**Your objective:** Reproduce every record below exactly, without the pictures.

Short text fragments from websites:

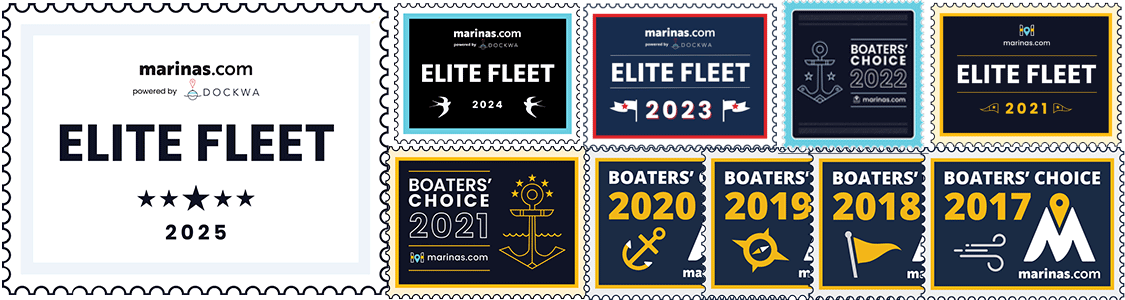 Elite Fleet Marina 2019-2026 badge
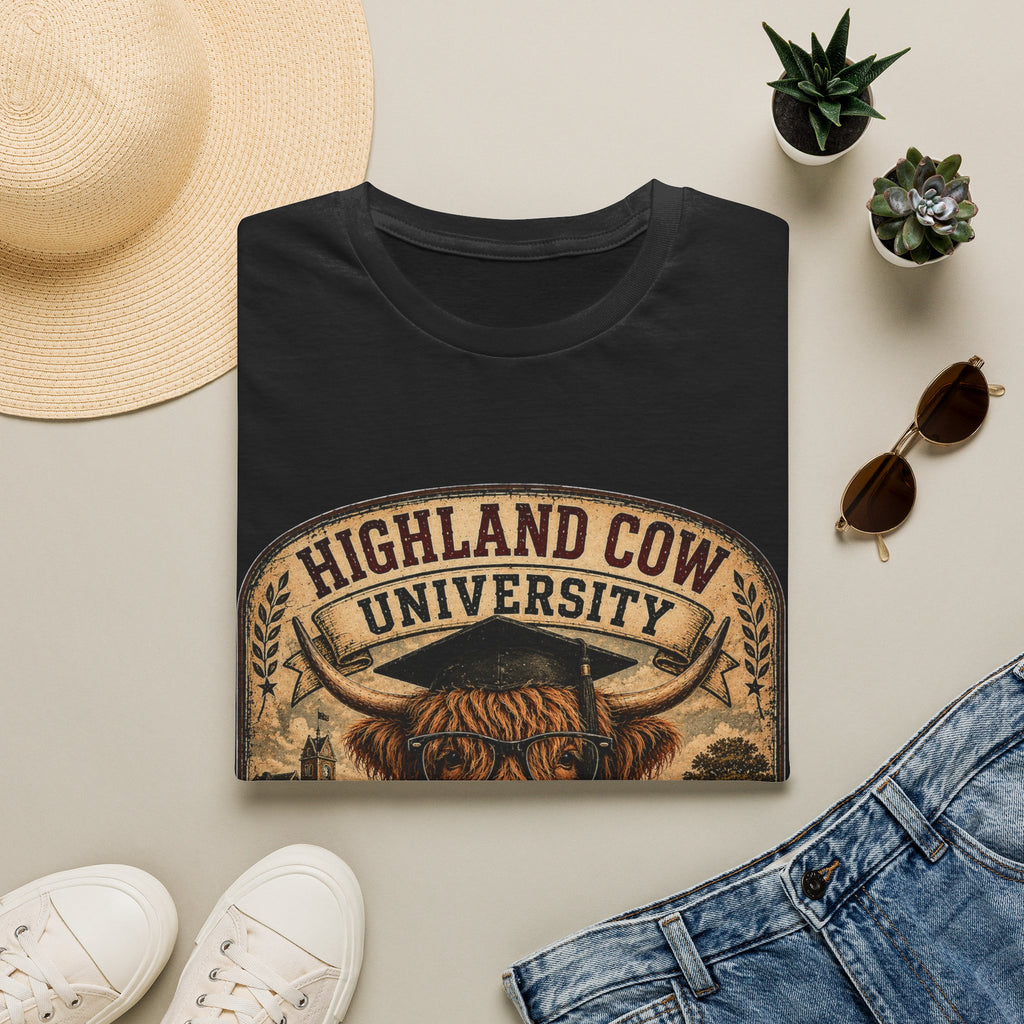 Highland Cow University Unisex Softstyle T-Shirt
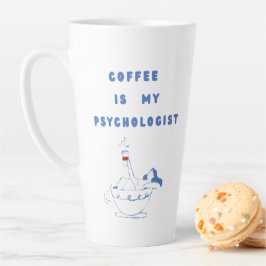 Coffee, My Quiet Therapist Milchtasse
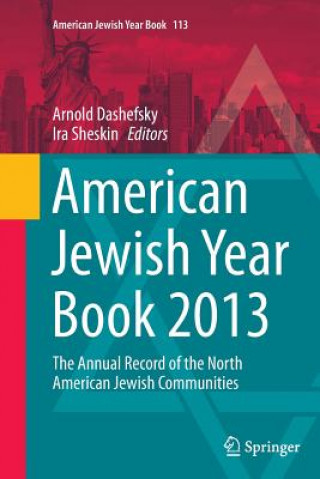 Kniha American Jewish Year Book 2013 Arnold Dashefsky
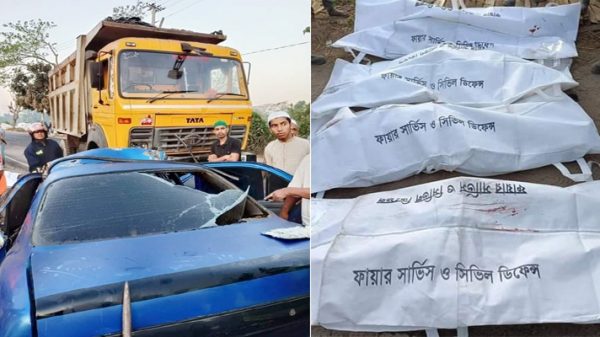 ট্রাক-প্রাইভেটকার মুখোমুখি সংঘর্ষ, নিহত ৫ - Natun Sylhet
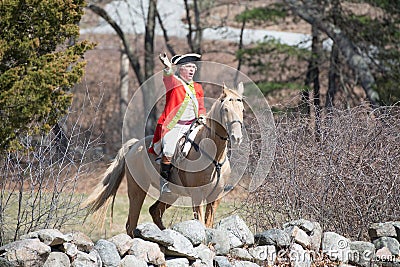 Historical Reenactment Events in Lexington, MA, USA Editorial Stock Photo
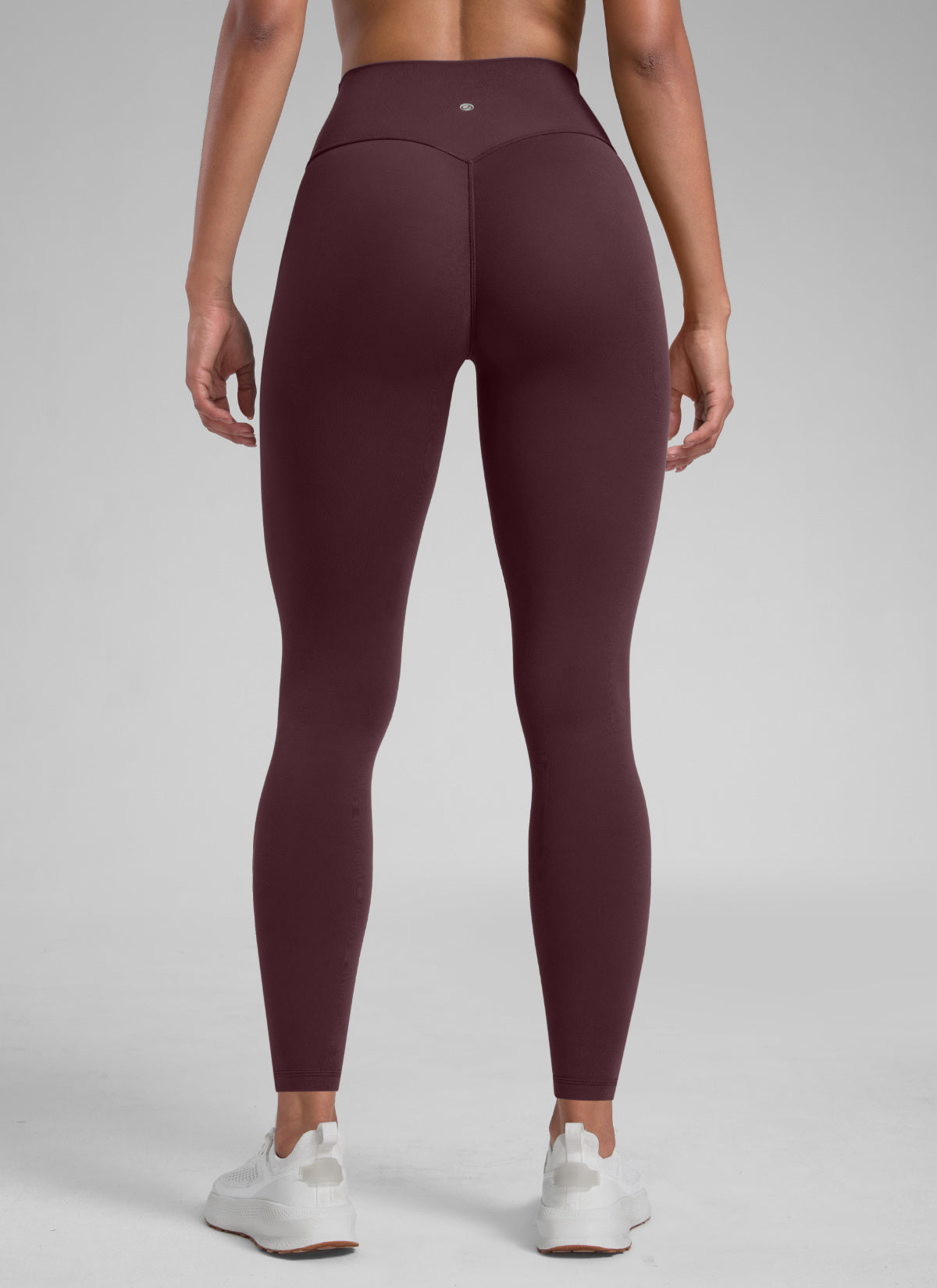 טייץ Secretsculpt™ לאימון לנשים של CRZ YOGA, ללא תפר קדמי, אורך 71 ס"מ, שזיף בשל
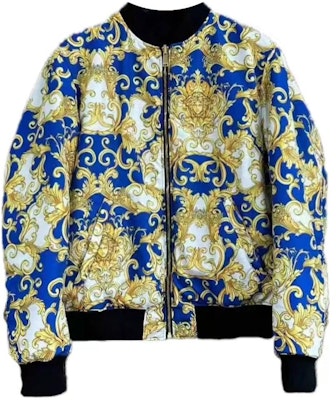 VERSACE FW23 巴洛克印花雙面拉鍊外套 男士 多色 A89511S-1A05885-5U050 Buy VERSACE FW23 巴洛克印花雙面拉鍊外套 男士 多色 A89511S-1A05885-5U050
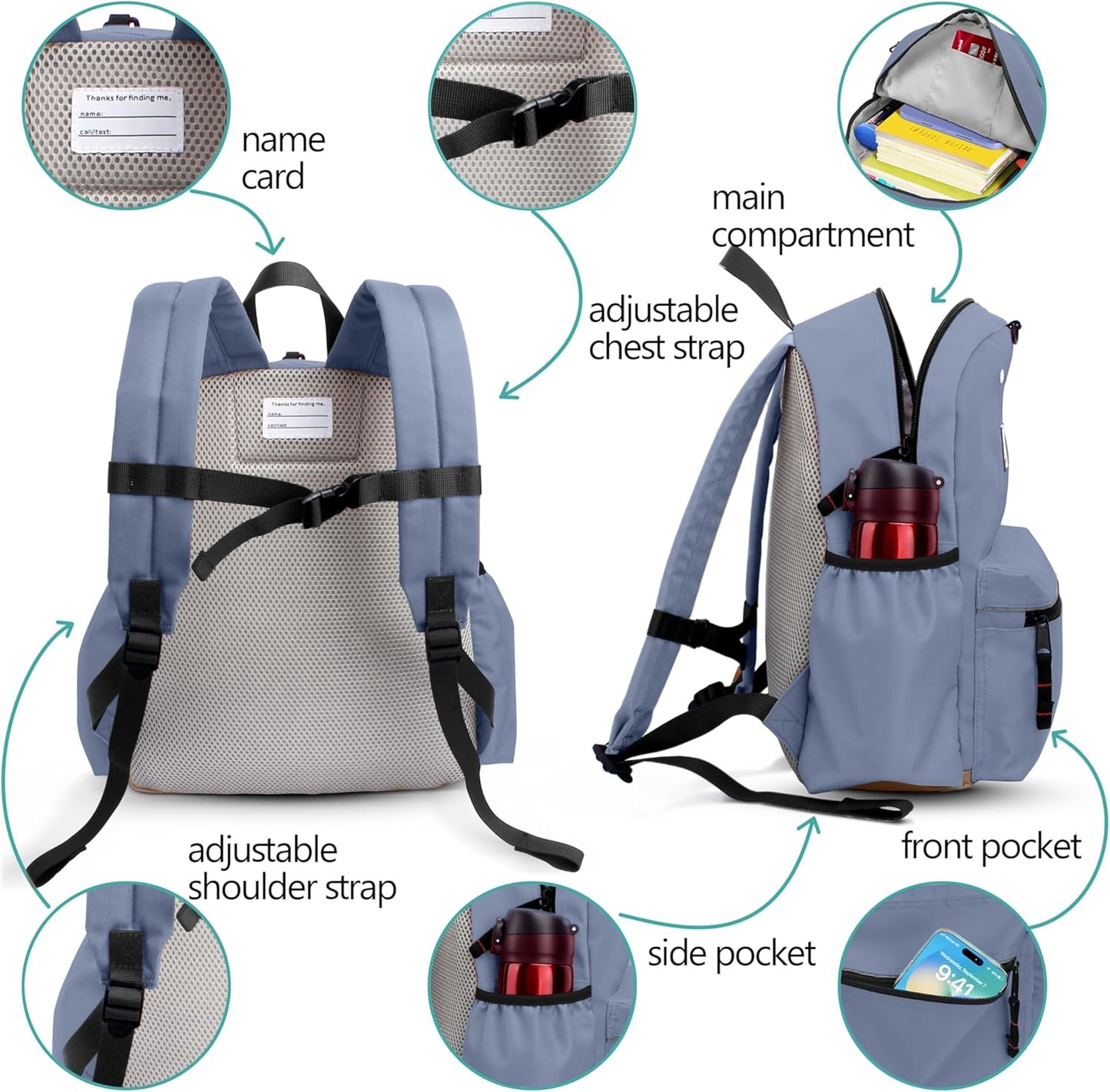 Kids Backpack for Boys: Boys Backpack 6-10 - Kindergarten Elementary School Bookbag for Boy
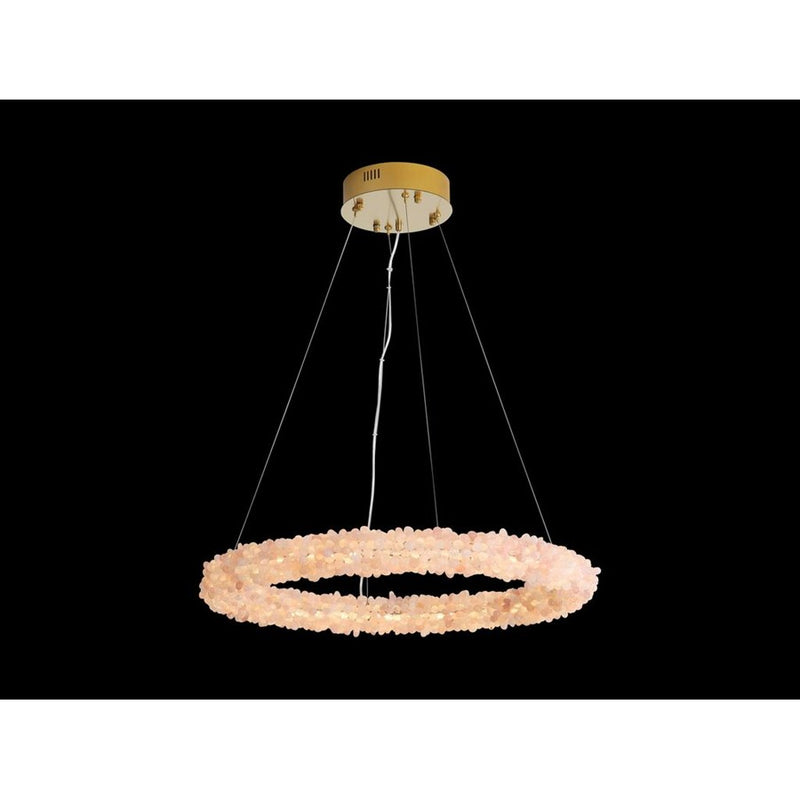 Golden Lighting Corallo 30" LED Ring Chandelier, Coral/No Shade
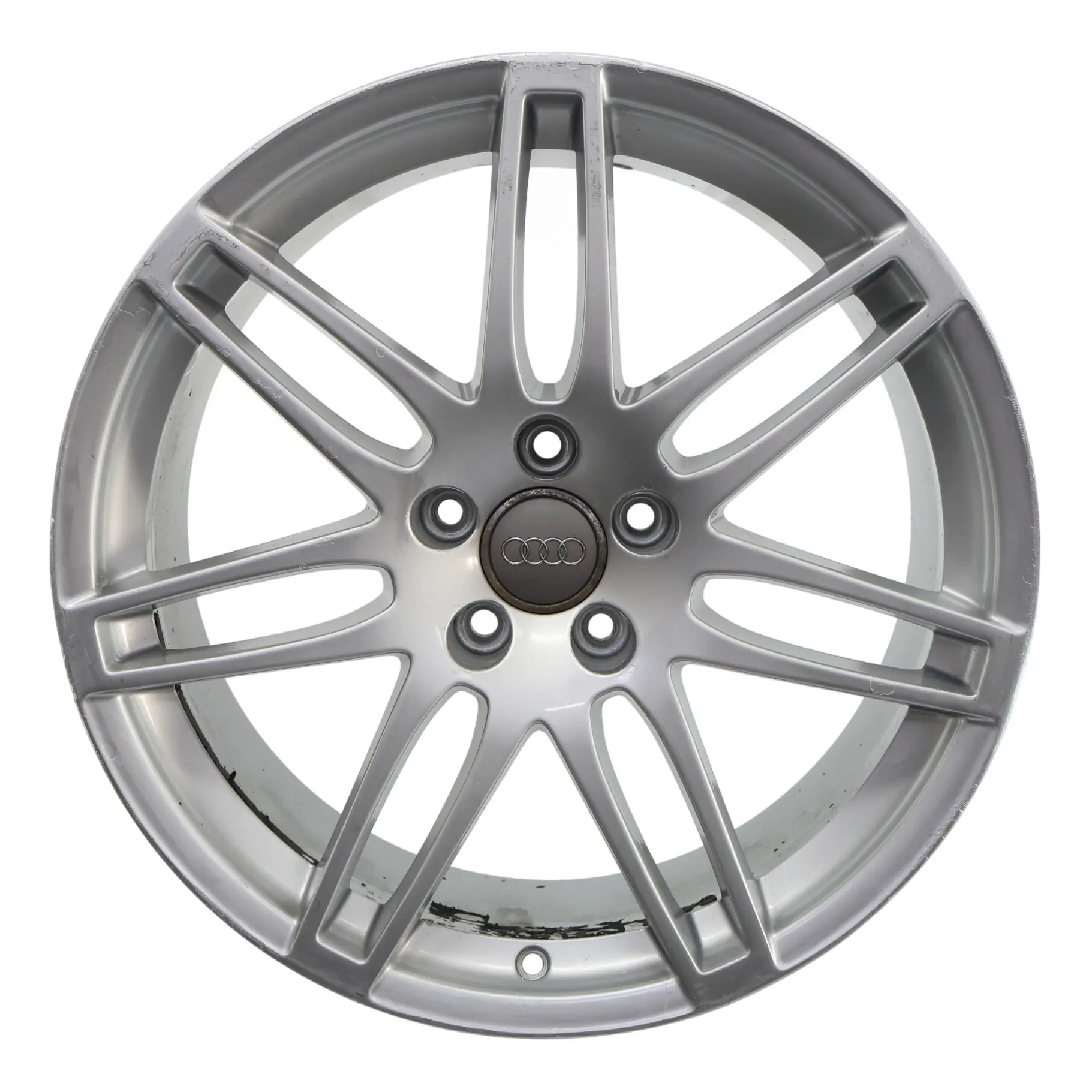 Audi A4 B8 Felga Aluminiowa Srebrna 19" 8.5J ET:43 Twin Spoke 8K0601025AA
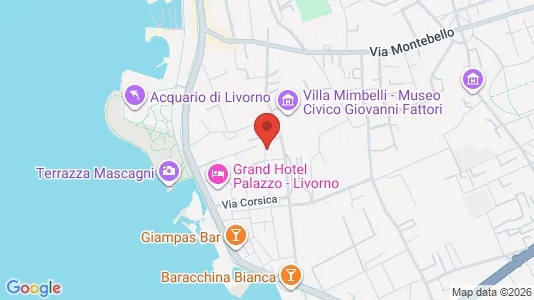 Apartments for rent i Livorno - kort over placeringen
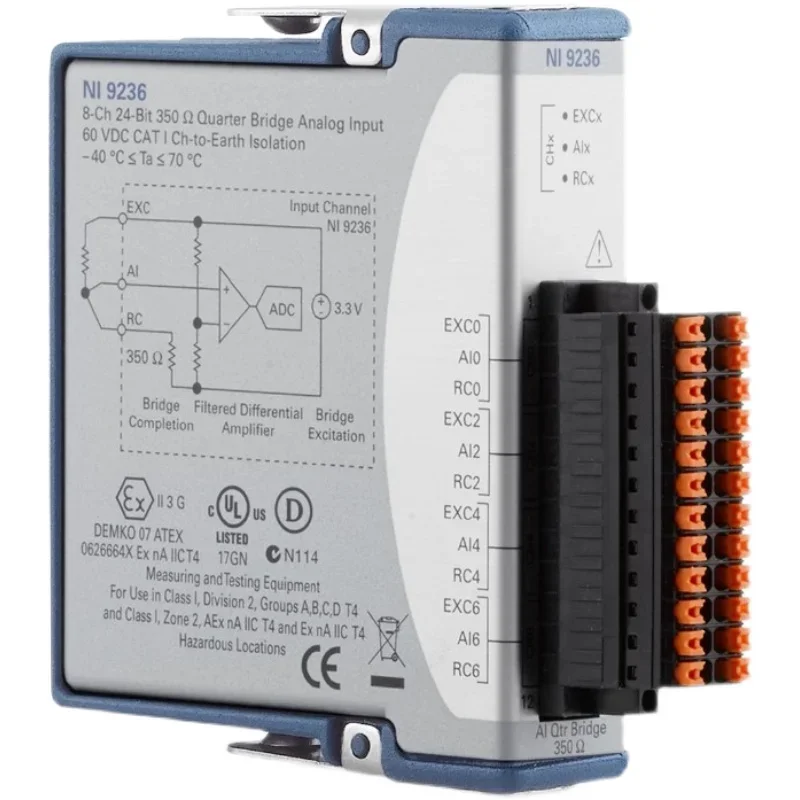 New US NI 9236 Module 779994-01 8-Channel 1/4 Bridge Strain Gage Module In Stock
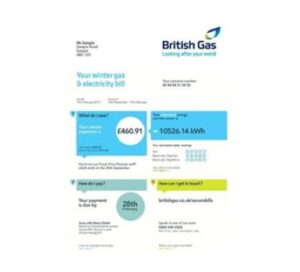 Copy of a recent Utility Bill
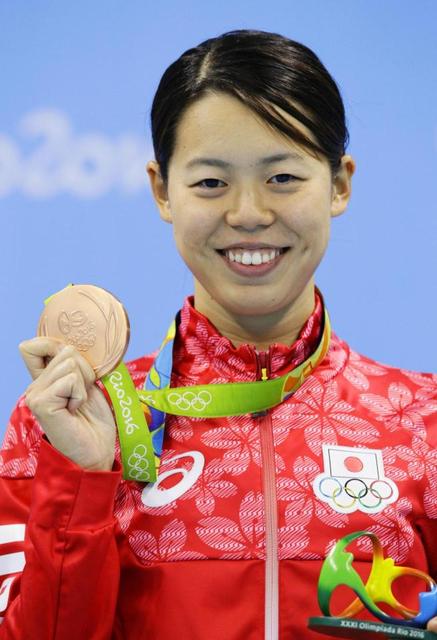 ２００バタ・星奈津美４年ぶりの銅メダルも「重さが違う」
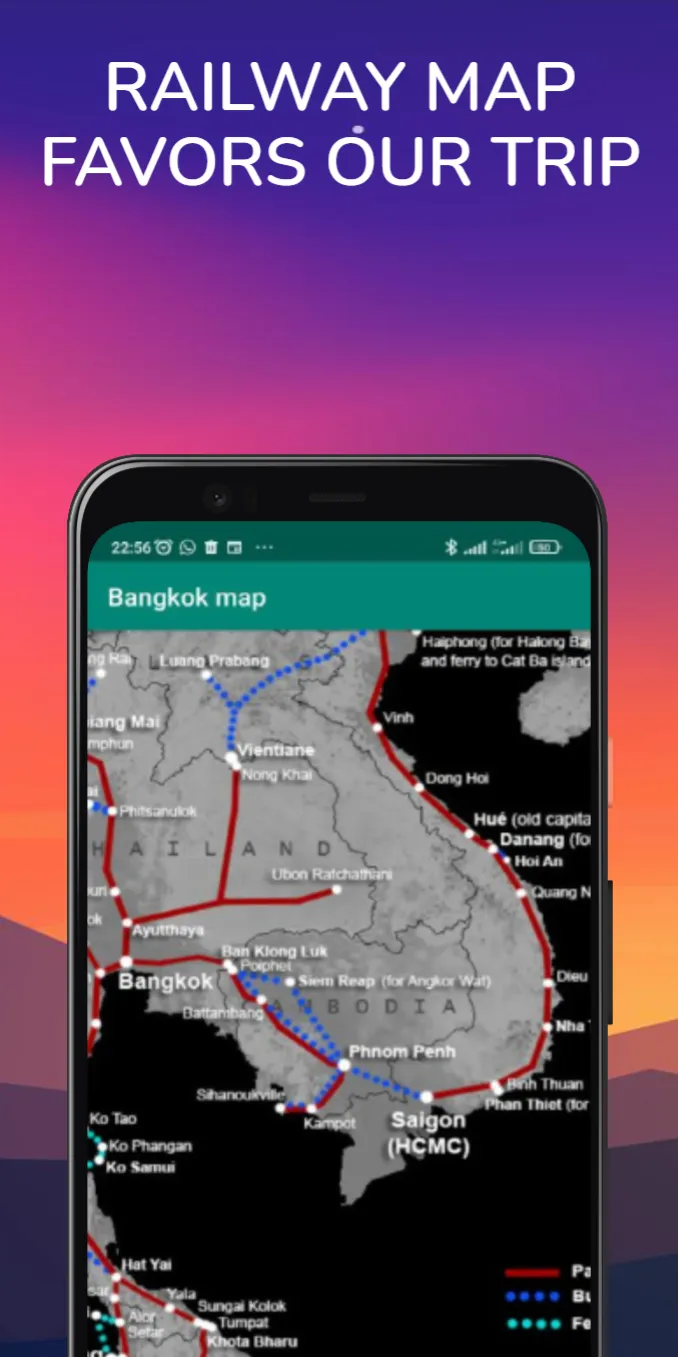 Bangkok map | Indus Appstore | Screenshot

**Reply:**
 Elite Fleet Marina 2019-2026 badge
 Highland Cow University Unisex Softstyle T-Shirt
 Coffee, My Quiet Therapist Milchtasse
 Kniha American Jewish Year Book 2013 Arnold Dashefsky
 ট্রাক-প্রাইভেটকার মুখোমুখি সংঘর্ষ, নিহত ৫ - Natun Sylhet
 Historical Reenactment Events in Lexington, MA, USA Editorial Stock Photo
 טייץ Secretsculpt™ לאימון לנשים של CRZ YOGA, ללא תפר קדמי, אורך 71 ס"מ, שזיף בשל
 VERSACE FW23 巴洛克印花雙面拉鍊外套 男士 多色 A89511S-1A05885-5U050 Buy VERSACE FW23 巴洛克印花雙面拉鍊外套 男士 多色 A89511S-1A05885-5U050
 Kids Backpack for Boys: Boys Backpack 6-10 - Kindergarten Elementary School Bookbag for Boy
 Golden Lighting Corallo 30" LED Ring Chandelier, Coral/No Shade
 Audi A4 B8 Felga Aluminiowa Srebrna 19" 8.5J ET:43 Twin Spoke 8K0601025AA
 Apartments for rent i Livorno - kort over placeringen
 New US NI 9236 Module 779994-01 8-Channel 1/4 Bridge Strain Gage Module In Stock
 Copy of a recent Utility Bill
 ２００バタ・星奈津美４年ぶりの銅メダルも「重さが違う」
 Bangkok map | Indus Appstore | Screenshot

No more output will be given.